Истории, которые рассказывали о дедушке моя мама и тетки, были иные; впрочем, они никогда не рассказывали их при бабушке. В основном они рассказывали о его жутком характере. В детстве, если они приближались к границе того, что он полагал положенным, дедушка угрожал избить их кнутом, впрочем, этого ни разу не произошло. Он порицал себя за то, что не заставляет своих дочерей все воскресенье сидеть на скамейке, как это делал его собственный отец. А я никак не могла связать эти рассказы, да и рассказы бабушки с образом тощего старика, которого нельзя было беспокоить во время дневного сна и следовало оберегать, как те же часы и тарелки. Мои мама и бабушка обращались с ним так же, как со мной: ловко и ведя неустанную борьбу с грязью, только с большим энтузиазмом. Возможно, это было искренне. Возможно, энтузиазм им придавало сознание, что он наконец-то в их власти. На похоронах они прямо убивались.
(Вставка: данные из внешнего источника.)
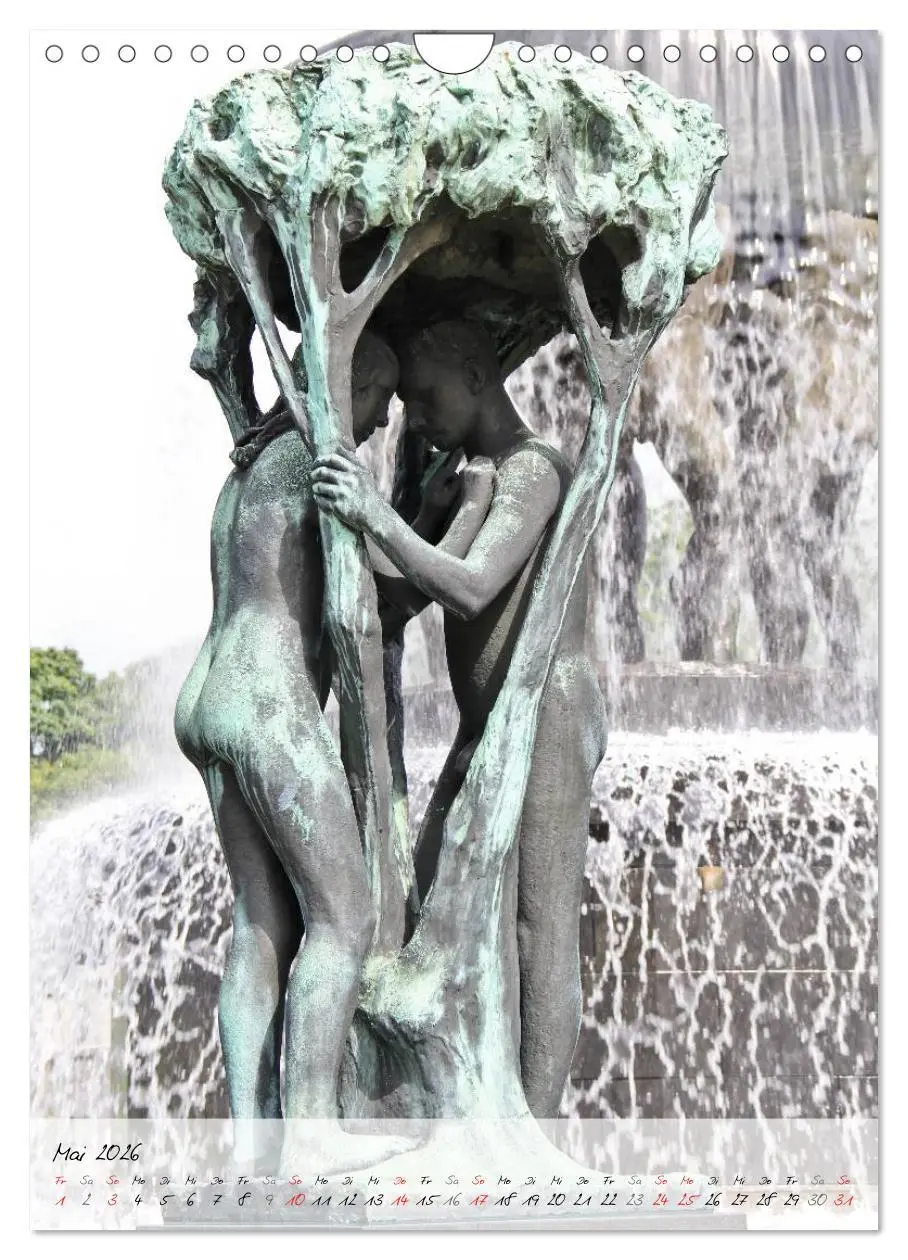 Bild: 9783516488425 | Vigeland (Wandkalender 2026 DIN A4 hoch), CALVENDO Monatskalender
Бабушка потрясающе держалась для женщины ее возраста; все мне это твердили. Но после смерти деда она начала сдавать. Именно так выражалась моя мать, когда к нам приезжали с визитом тетки. Обе они вышли замуж – вот как им удалось сбежать из Гризвольда. Тогда я уже училась в старших классах и не вертелась целый день на кухне, как раньше, но однажды я неожиданно вошла и увидела, как они втроем смеются таким беззвучным прыскающим смехом, как будто они в церкви или на похоронах: словно знали, что это богохульство, и не хотели, чтобы их услышала бабушка. Они вряд ли меня заметили, так сильно их душил смех.
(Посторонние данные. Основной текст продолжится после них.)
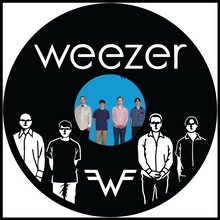 Load image into Gallery viewer, Weezer vinyl art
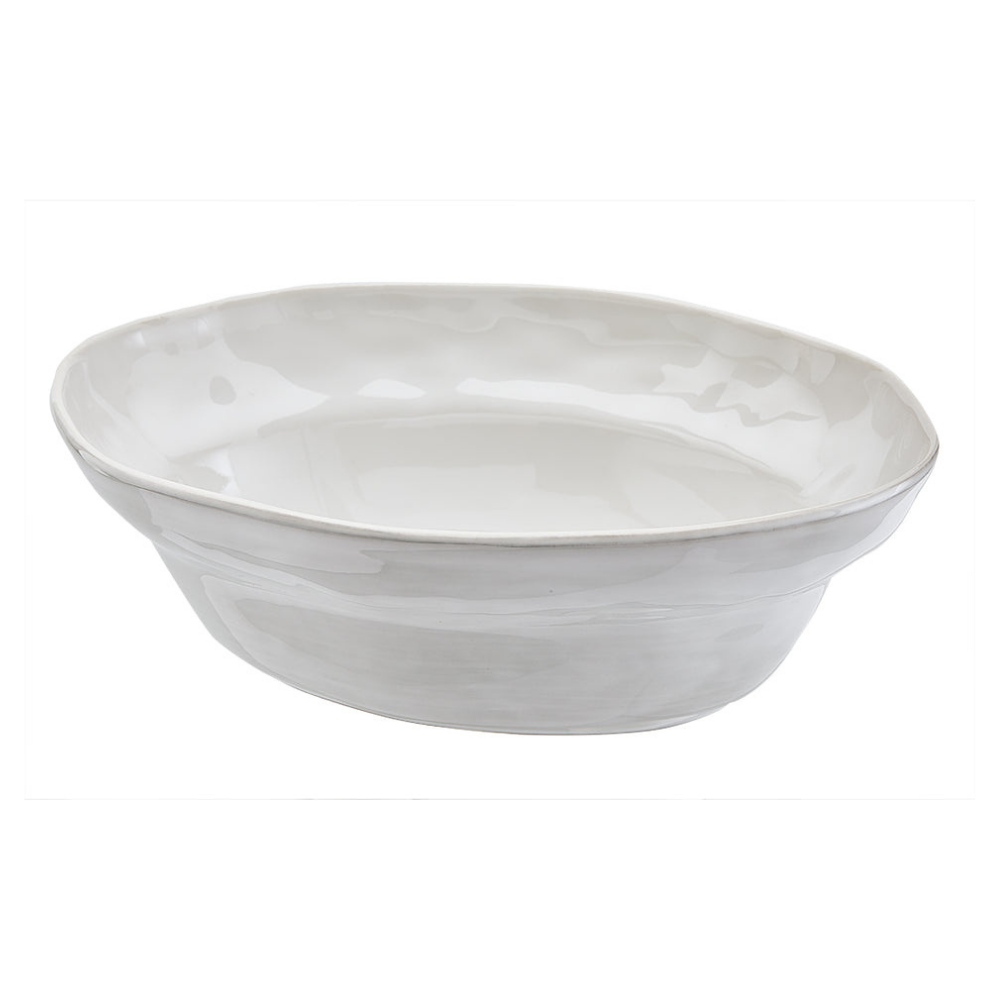 SKYROS AZORES GREIGE SHIMMER SERVING BOWL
– Она отказывалась дать мне ключ от дома, – сказала мать. – Думала, я его потеряю. – Это снова вызвало взрыв смеха. – На прошлой неделе она все-таки выдала мне ключ, а я бросила его в решетку вентиляции.
Они промокали глаза, в полном изнеможении, словно запыхались от бега.
– Глупости, – сказала тетя Уиннипег. Это было бабушкино словечко, когда она чего-то не одобряла.
Я никогда в жизни не видела, чтобы мама так смеялась.
– Не обращай на нас внимания, – сказала она мне.
– И смех и грех, – сказала другая.
– Без смеха тут свихнешься, – сказала мать, как всегда подпуская толику укоризны.
Это их отрезвило. Тетки знали, что ее жизнь, точнее, отсутствие жизни позволяло жить им.
Вскоре бабушка начала терять чувство равновесия. Она вставала на стулья и табуретки, чтобы достать какую-то вещь, как правило слишком тяжелую, и в результате падала. Обычно она проделывала это в мамино отсутствие, и та, вернувшись, обнаруживала беспомощную бабушку на полу, среди осколков фарфора.
Затем ее стала подводить память. Она ходила ночью по дому, хлопая дверьми в поисках своей комнаты. Порой она не помнила, кто она сама и кто мы такие. Однажды она напугала меня до чертиков, когда вдруг вошла в кухню средь бела дня, я как раз делала себе бутерброд с арахисовым маслом после школы.
– Где же мои руки, – сказала она. – Я куда-то их сунула и теперь не могу найти.
Она держала кисти на весу, растерянно, словно не могла ими пошевелить.
– Вот же они, – сказала я. – На твоих запястьях.
– Да нет, не эти, – нетерпеливо сказала она. – Они больше не годятся. Другие руки, которые были у меня раньше, которыми я все трогала.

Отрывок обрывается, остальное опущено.